- _Problem_
Please write out exactly the lines of the data below from the line holding "ZeitungPro-ExtralightItalic Version 1.001" through the line holding "Schwarze und rosa", and leave out the rest.

- _Recorded data_

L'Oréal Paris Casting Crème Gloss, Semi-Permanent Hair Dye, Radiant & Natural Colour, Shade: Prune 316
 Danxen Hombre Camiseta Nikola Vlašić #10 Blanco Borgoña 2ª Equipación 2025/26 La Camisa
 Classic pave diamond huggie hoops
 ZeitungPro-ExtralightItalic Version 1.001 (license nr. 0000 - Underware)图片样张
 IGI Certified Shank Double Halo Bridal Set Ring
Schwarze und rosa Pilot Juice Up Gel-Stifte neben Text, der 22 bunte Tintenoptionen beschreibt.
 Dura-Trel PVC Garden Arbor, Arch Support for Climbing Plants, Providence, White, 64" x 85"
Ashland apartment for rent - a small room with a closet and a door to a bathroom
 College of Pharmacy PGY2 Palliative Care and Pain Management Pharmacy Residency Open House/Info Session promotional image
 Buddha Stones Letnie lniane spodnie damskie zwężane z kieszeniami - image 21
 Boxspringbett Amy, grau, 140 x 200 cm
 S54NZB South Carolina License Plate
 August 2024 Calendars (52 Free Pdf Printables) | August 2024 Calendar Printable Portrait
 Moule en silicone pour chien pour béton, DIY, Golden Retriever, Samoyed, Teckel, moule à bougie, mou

- _Result of the exercise_
 ZeitungPro-ExtralightItalic Version 1.001 (license nr. 0000 - Underware)图片样张
 IGI Certified Shank Double Halo Bridal Set Ring
Schwarze und rosa Pilot Juice Up Gel-Stifte neben Text, der 22 bunte Tintenoptionen beschreibt.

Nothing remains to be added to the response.